━━━ Extracted information

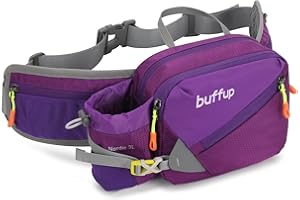buffup® Sac banane avec porte-bouteille, sac banane de sport, pour l'extérieur, l'entraînement des chiens, le cyclisme, la randonnée, la course à pied, sac banane pour homme et femme, grand (violet)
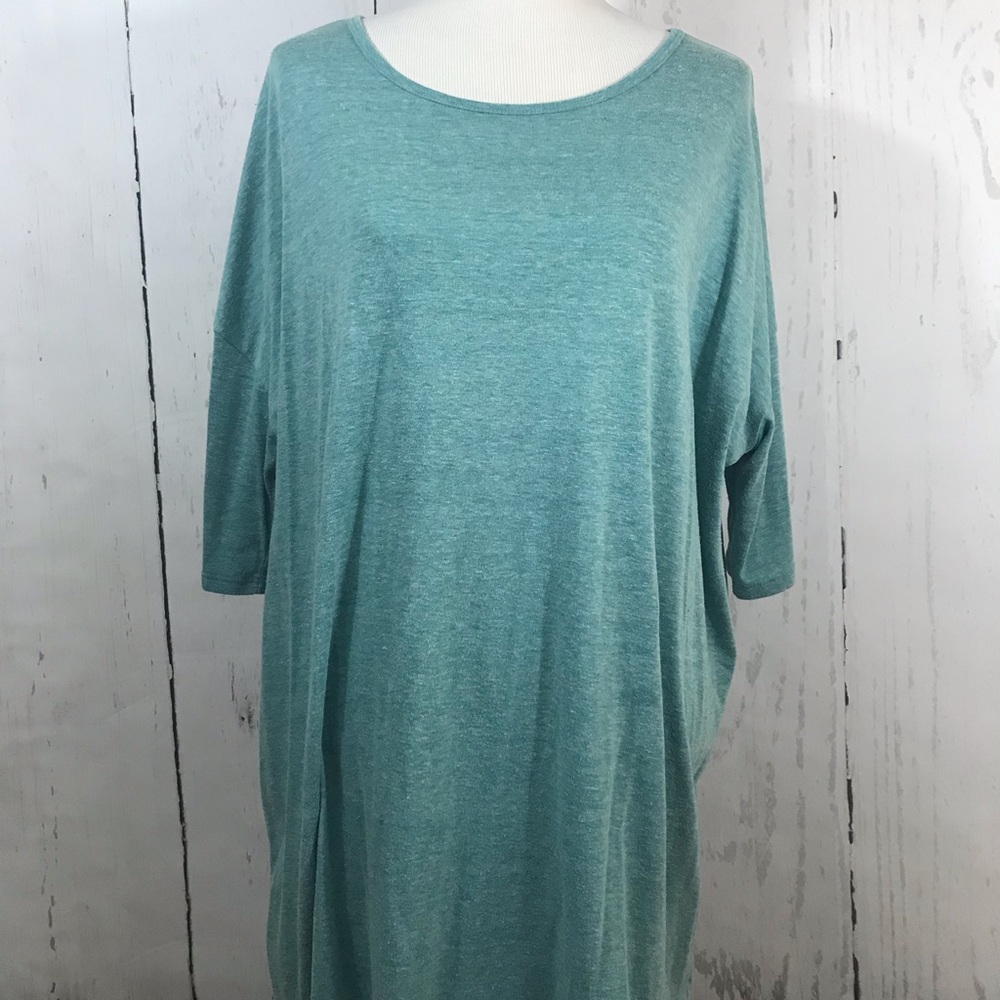 Lularoe Irma, soft heathered blue, super soft.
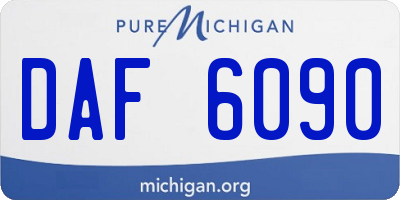 MI license plate DAF6090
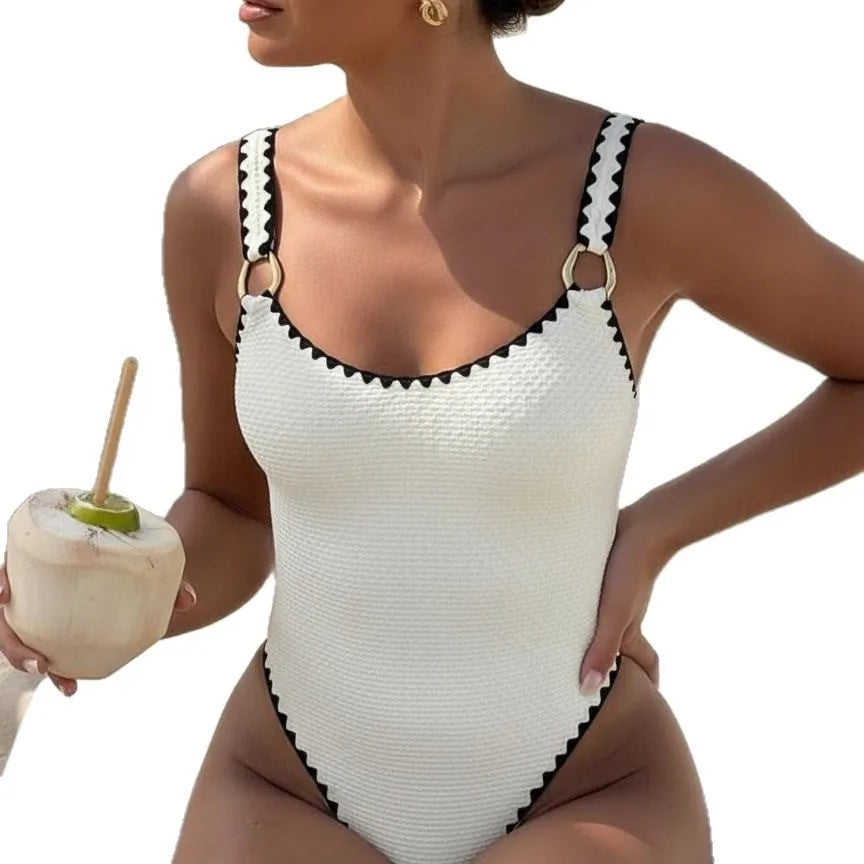 Women Swimwear Swimsuit Sleeveless Solid Color High Waist V Neckline Back Cutout Brown Black White Bathing Suit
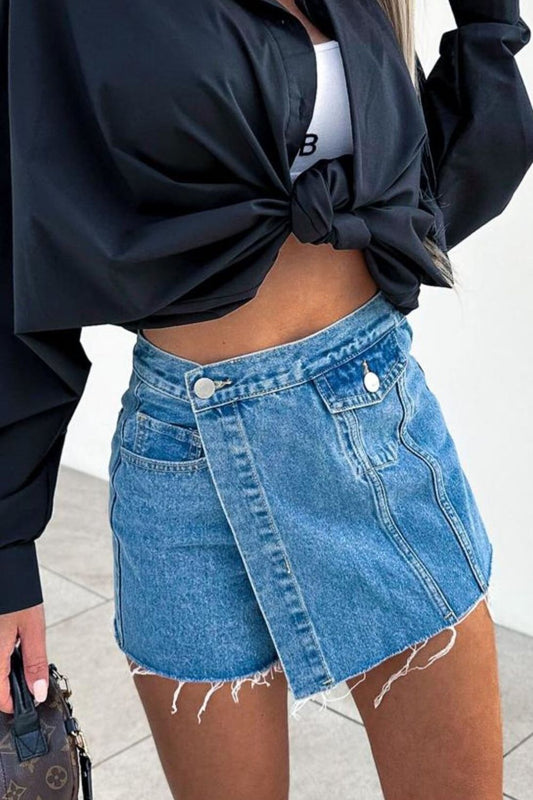 Raw Hem Denim Skorts - The Goddess Galleries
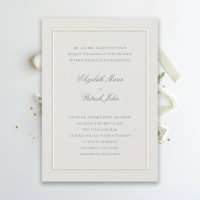 Formal Modern Classic Elegant Green Ecru Wedding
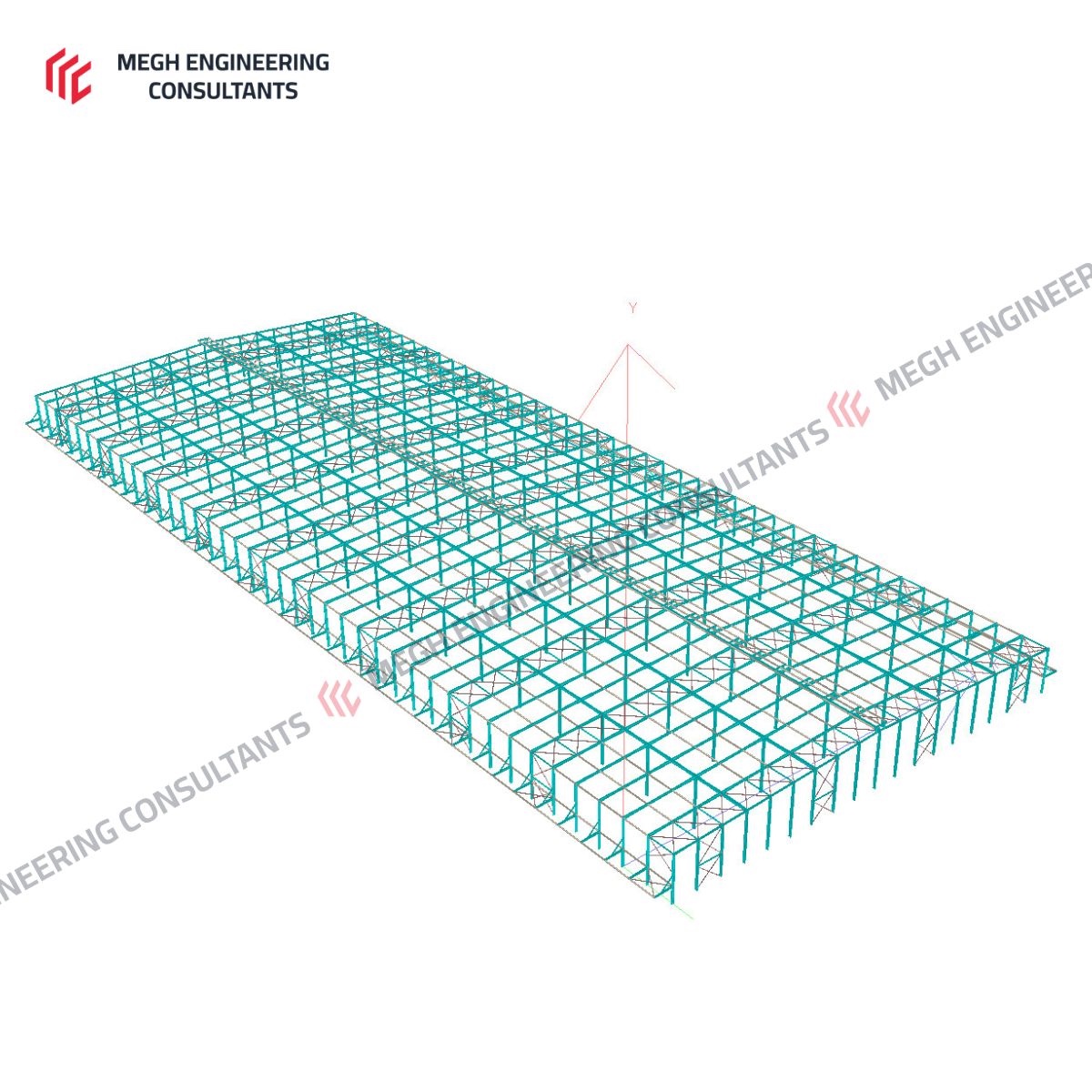 3D framing model — primary portal frames and secondary steel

━━━━━━

- _Task instructions_: Please repeat all of the entries above word for word, but drop any pictures.

- _Your response_:
buffup® Sac banane avec porte-bouteille, sac banane de sport, pour l'extérieur, l'entraînement des chiens, le cyclisme, la randonnée, la course à pied, sac banane pour homme et femme, grand (violet)
 Lularoe Irma, soft heathered blue, super soft.
 MI license plate DAF6090
 Women Swimwear Swimsuit Sleeveless Solid Color High Waist V Neckline Back Cutout Brown Black White Bathing Suit
 Raw Hem Denim Skorts - The Goddess Galleries
 Formal Modern Classic Elegant Green Ecru Wedding
 3D framing model — primary portal frames and secondary steel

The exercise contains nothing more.